EXERCISE DIRECTIONS: For this exercise, repeat exactly the lines below starting at the line holding "Teknix TK5HP9HS - Titanium" and ending at the line holding "socks n socks-Men's", both included, with no extra lines and no pictures.

DATA LISTING:
────────────────

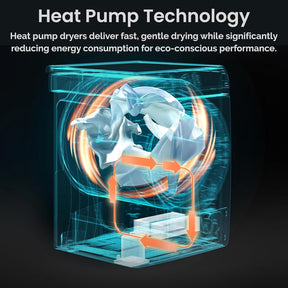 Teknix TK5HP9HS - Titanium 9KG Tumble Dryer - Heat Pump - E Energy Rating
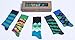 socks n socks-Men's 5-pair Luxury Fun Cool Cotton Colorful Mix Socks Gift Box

────────────────

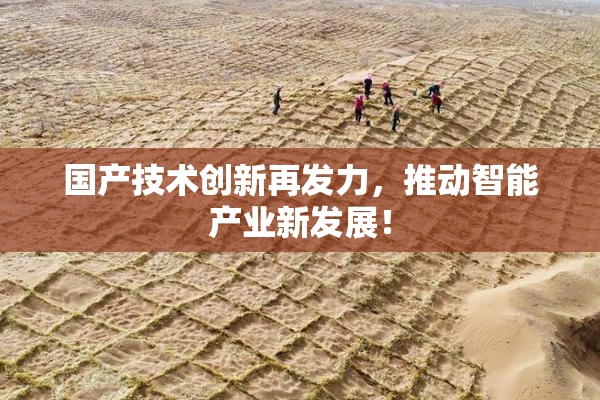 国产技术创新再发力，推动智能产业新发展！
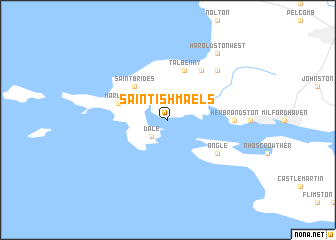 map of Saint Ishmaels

────────────────

RESPONSE:
 Teknix TK5HP9HS - Titanium 9KG Tumble Dryer - Heat Pump - E Energy Rating
 socks n socks-Men's 5-pair Luxury Fun Cool Cotton Colorful Mix Socks Gift Box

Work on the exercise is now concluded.